Step Into My World: Coastal Ecuador

I realized that I forgot to post one of these last Saturday and I just about forgot to post it again today. I've been working about 60 hours a week and these posts just completely slipped my mind. But, never fear, I'm back on track.

Today, we travel to the country of Ecuador. More specifically, to the coastal region. I have one child here:


Compassion works in several cities and villages along the Pacific ocean. My Allison is from a community outside of Manta. 

Communities in this region are known for their fabulous ocean views, beautiful sunsets, and warm, sandy beaches. Creation here is truly breathtaking. 

Life here, though, for poor families can be very difficult. Neighborhoods outside of these coastal cities are typically made up of shanty-style homes, made of planks for wood. Homes are small and close together, which lead to cramped conditions and the easy spread of illness. In areas that are prone to flooding, homes are built on stilts. When an area is flooded, travel is nearly impossible, leaving families isolated, without access to healthcare or schooling. 

Many families in these areas are single-parent homes, usually lead by a mother, who is left to care for children. Fathers often abandon families because of the financial hardship of caring for them. Other fathers are away from their families as they travel to find work in other cities and send money home to their families. This leaves a lot of pressure on mothers to meet the needs of her children, which is often difficult as poor communities in Ecuador often have distorted gender roles. This makes it hard for women to find work. 
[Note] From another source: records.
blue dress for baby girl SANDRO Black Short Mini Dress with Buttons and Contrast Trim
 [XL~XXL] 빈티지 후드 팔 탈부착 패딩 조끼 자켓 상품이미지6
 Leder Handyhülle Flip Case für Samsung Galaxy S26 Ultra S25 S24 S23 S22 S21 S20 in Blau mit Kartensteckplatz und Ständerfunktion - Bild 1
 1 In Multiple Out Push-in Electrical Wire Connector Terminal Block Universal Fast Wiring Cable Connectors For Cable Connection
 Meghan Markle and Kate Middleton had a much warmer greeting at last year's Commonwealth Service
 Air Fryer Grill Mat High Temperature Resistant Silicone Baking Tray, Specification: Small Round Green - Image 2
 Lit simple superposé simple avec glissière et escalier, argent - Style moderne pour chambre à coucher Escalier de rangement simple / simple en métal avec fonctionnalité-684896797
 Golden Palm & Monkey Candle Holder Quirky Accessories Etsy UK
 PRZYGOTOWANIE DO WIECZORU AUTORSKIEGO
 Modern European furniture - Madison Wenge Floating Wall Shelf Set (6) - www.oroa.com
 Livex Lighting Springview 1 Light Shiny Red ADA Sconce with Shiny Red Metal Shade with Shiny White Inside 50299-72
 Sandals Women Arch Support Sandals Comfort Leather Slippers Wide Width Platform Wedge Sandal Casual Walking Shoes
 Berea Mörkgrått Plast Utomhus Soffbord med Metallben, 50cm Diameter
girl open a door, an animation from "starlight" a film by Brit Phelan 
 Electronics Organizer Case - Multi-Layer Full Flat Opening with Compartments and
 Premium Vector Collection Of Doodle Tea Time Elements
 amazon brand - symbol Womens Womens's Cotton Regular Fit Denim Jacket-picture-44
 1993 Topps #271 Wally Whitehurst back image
Because their mothers aren't able to work and earn money for their families, it's not uncommon to see children out earning a living. Some children can find work doing odd jobs while others visit a local dump, in search of anything that can be sold, on the streets, for money. 

Children in coastal Ecuador are often malnourished, only receiving one or two meals a day at home. To help combat hungry tummies, Compassion projects feed the children a large, healthy meal every time the children attend the project. 

Compassion also works to supplement each child's education with lessons on various school subjects, as well as biblical lessons, art lessons, and music time. The children are taught to be well-rounded and to have knowledge of many topics. 

Most importantly, children are taught that Jesus is their Savior and that He has a wonderful plan for their future and for their lives. Project workers pray for the children everyday and encourage the children to pray for their families, communities, and country. Compassion coastal Ecuador has the following prayer requests: 

- Pray for God's protection over assisted children and families living in areas that are prone to flooding. 

- Pray that project workers will have God's wisdom to help assisted children avoid the temptation to use illegal drugs. 

- Pray that project workers will also be effective in identifying and assisting children who are victims of domestic violence, neglect, or abuse.